In order to be successful, it is important that the operators of car-sharing schemes understand the context and regulation of the cities in which they plan to launch. DriveNow, an alternative car-sharing scheme, has seen significantly more uptake, with one million registered users across multiple cities.[6]  However, the firm has had to abandon business in Stockholm due to high congestion charges and parking costs.[7]

Ride-sharing apps such as Uber have encountered resistance from the public due to their employment practices, leading to bans on taxi and ridesharing apps in some countries and cities. Solutions to this issue can include labour law reforms for self-employed workers and the enactment of regulation on installing mandatory meters. Furthermore, such apps require a strong and reliable mobile network, with a reasonable cost for data use. Economies in the southern and eastern Mediterranean region have particularly weak data networks, with Jordan, Lebanon, Morocco and Tunisia all in the lowest third of countries globally for overall data speeds.[8]

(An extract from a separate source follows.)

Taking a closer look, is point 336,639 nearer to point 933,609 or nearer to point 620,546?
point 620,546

Elsewhere, the Los Angeles Metro is working alongside car-sharing company Getaround to provide an affordable and “hassle-free” car-sharing service at more than 25 Metro transit park-and-ride lots.[9]

Comparison with other policy options

Car-sharing does not yield the same benefits of transitioning to active or public transport but can still be successful in reducing congestion and air pollution and can lessen the risk of low public acceptability that can be associated with car-free zones or congestion charging. Car-sharing is not intended to replace other traffic management policies but rather to complement them.

References

[1] L. Barber (2016), “Carsharing, carpooling, ridesharing…what’s the difference?”, 12 May 2016, Liftshare website.

[2] IFC (2018), “Driving Toward Equality: Women, Ride-Hailing, and the Sharing Economy”.
[3] Transport and Environment (2017), “Does sharing cars really reduce car use?”, June 2017, briefing note.

[4] ITDP (2015), “What’s Stopping Carsharing? 4 Challenges Holding Emerging Markets Back”, December 2015, Institute for Transportation and Development Policy.

[5] M. Goldstein (2018), “Dislocation And Its Discontents: Ride-Sharing's Impact On The Taxi Industry” June 2018, Forbes website.

[6] M. Holder (2018), “BMW takes full ownership of DriveNow carsharing scheme”, March 2018, Business Green website.
[7] N. Rolander (2018), “BMW’s DriveNow Car-Sharing Services Bite the Dust in Stockholm”, July 2018, Bloomberg website.
[8] Opensignal (2017), “Global State of Mobile Networks (February 2017)”, Opensignal website.
[9] Metro (2019), “Metro partners with Getaround to offer car sharing at 27 transit stations”, metro.net website page, February 2019, The Source blog.